I was married 33 years. Divorce was right. Now what? The process took too much space, too much time. All-consuming, crowding out the vision of where to go next with the simple desperation to get out, to get away, to quiet the incessant dissonance of morning to night miscommunication. Phase next slipped from sight. I didn’t prepare myself, not sure I could have anyway, and yet, I didn’t doubt.
DeVaughn croons on, “You may not have a car at all…”
Doubt lingers in how to live, where to go next. For so long, it seemed like there was only one direction to go. Until there wasn’t. Immobility. Doubt that there really is anything more to do, anywhere else to go, anyone else to be.
Immobility, it wasn’t a product of not knowing where to go though, more a profound disappointment.
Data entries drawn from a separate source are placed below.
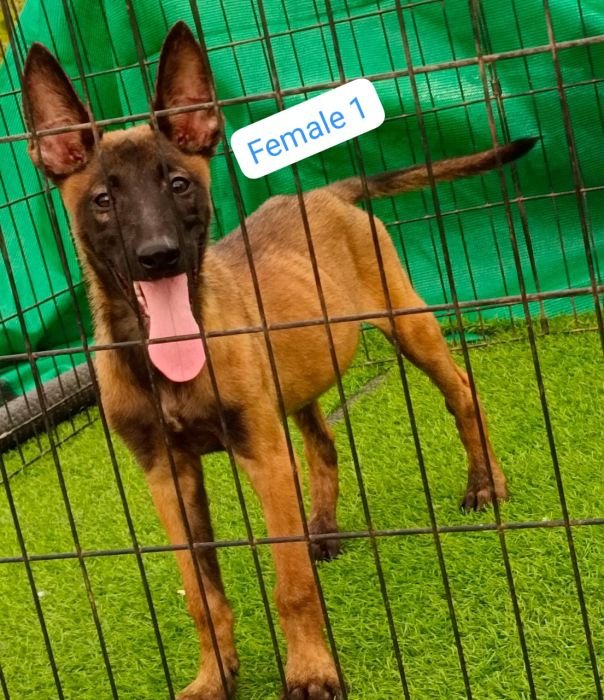 DogsIndia.com  Belgian Malinois  Antony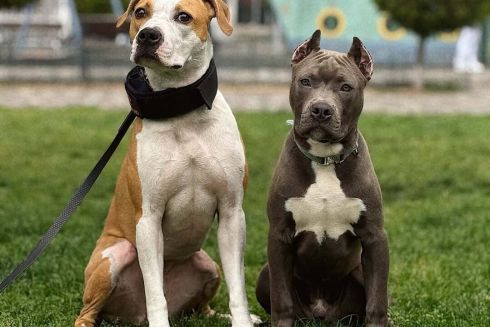 Кияни вимагають перевірити кінологічний центр через знущання над собаками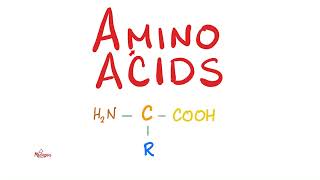 Amino Acids Part 2  Classification  Biochemistry MCAT [upl. by Philbo381]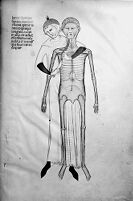 view M0007579B: Manuscript illustration of an anatomical figure from <i>Anothomia Philippi Septimi</i>, 1345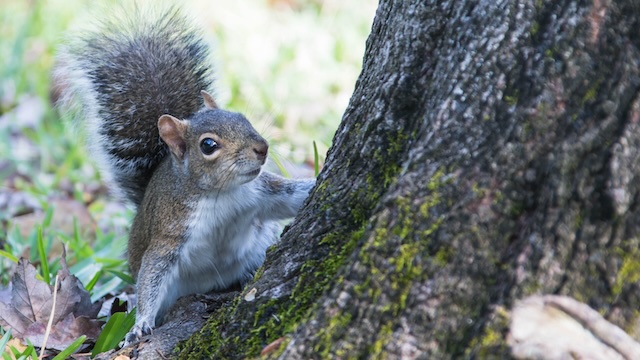 Furry-Vandals-Recognizing-and-Responding-to-Squirrel-Damage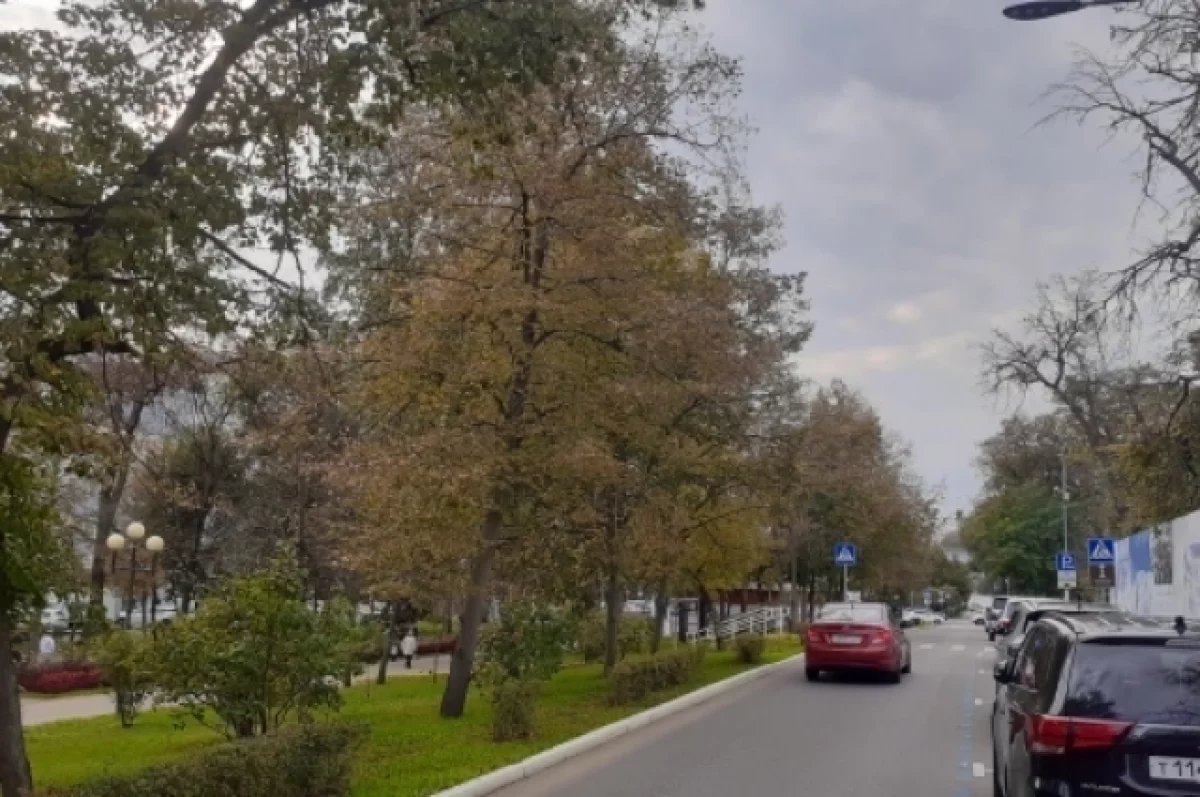 БПЛА, суд над чиновниками, генерация к зиме
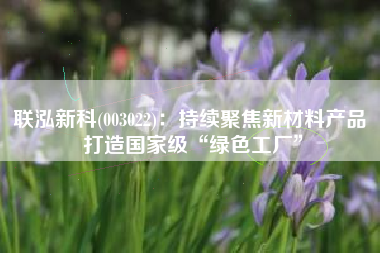 联泓新科(003022)：持续聚焦新材料产品 打造国家级“绿色工厂”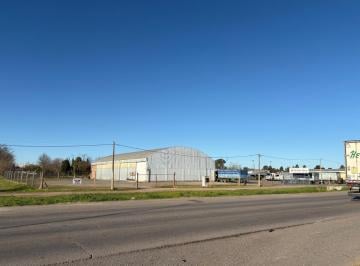 Depósito , Colón · Alquiler de Galpon Sobre Ruta 8 Km 277,5 Colon Bs As Ideal Uso Agroindustrial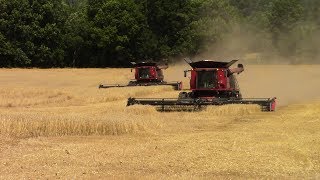 2017 Wheat Harvest Underway In May Case IH 8240 Combines [upl. by Yrdua]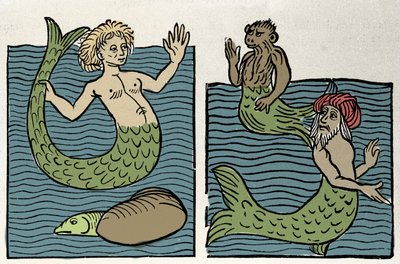 海の聖母シレーヌ、猿、ウミガメ。"Hortus sanitatis "からのエングレーヴィング 作： Unknown artist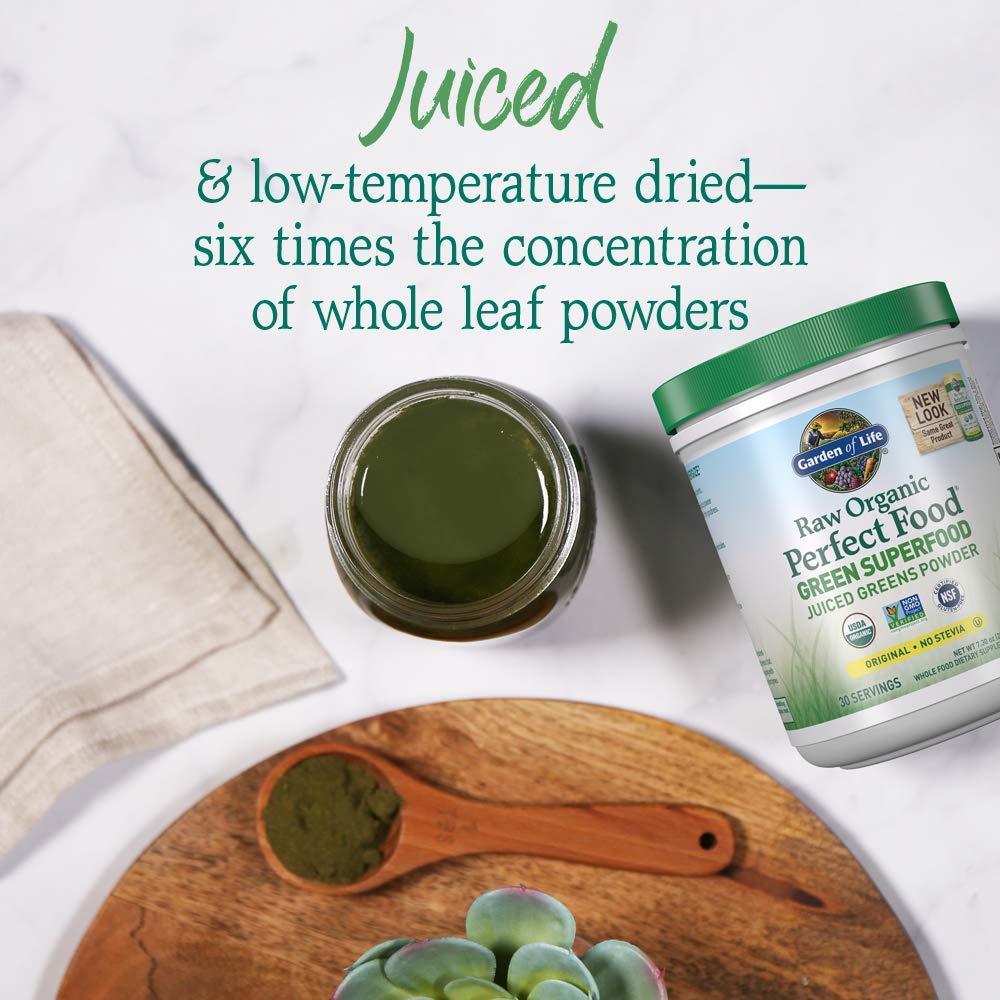 Garden of Life Raw Organic Perfect Food Alkalizer & Detoxifier Juiced Greens Superfood Garden of LifeUS supplements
What I had expected, hoped, and worked for, for decades, didn’t turn out as I had wanted. I’d been pretty attached to that vision, almost to the point where I considered staying in something toxic.
Childish. Still hurts no less but still a childish, foolish, delusion. Despite thinking I didn’t know what to expect, I unwittingly had thoughts of what things should and shouldn’t be that were not being met. Had I been more on top of my life, I would have known not to put myself in the situation in the first place. The ability to ask a few more questions would have helped, but emotions tangled those questions up.
Faith in hard work didn’t pay off. It revealed nothing. I was doing what I thought I had to do, what I thought we all do. After years of doing the work though, I’m not even sure what I was working for, perhaps that’s devastating, I can’t make up my mind.
Lost or at a loss?
I ask ChatGPT, “is doubt a symptom of depression?”
It answers simply, “…Yes, doubt can be a symptom of depression, but it’s essential to recognize that doubt in and of itself isn’t solely indicative of depression….”
Or is it a symptom of fear?
Again, it answers, clearly, simply, “… Yes, doubt can be conceptualized as part of a continuum of fear, especially when considering how humans process uncertainty and potential threats.”
Although respectful of the first answer, the second resonates better with my feelings.
DeVaughn continues, “…But remember brothers and sisters…” the tone sonorous, warm, reassuring, “You can still stand tall, Just be thankful for what you’ve got.”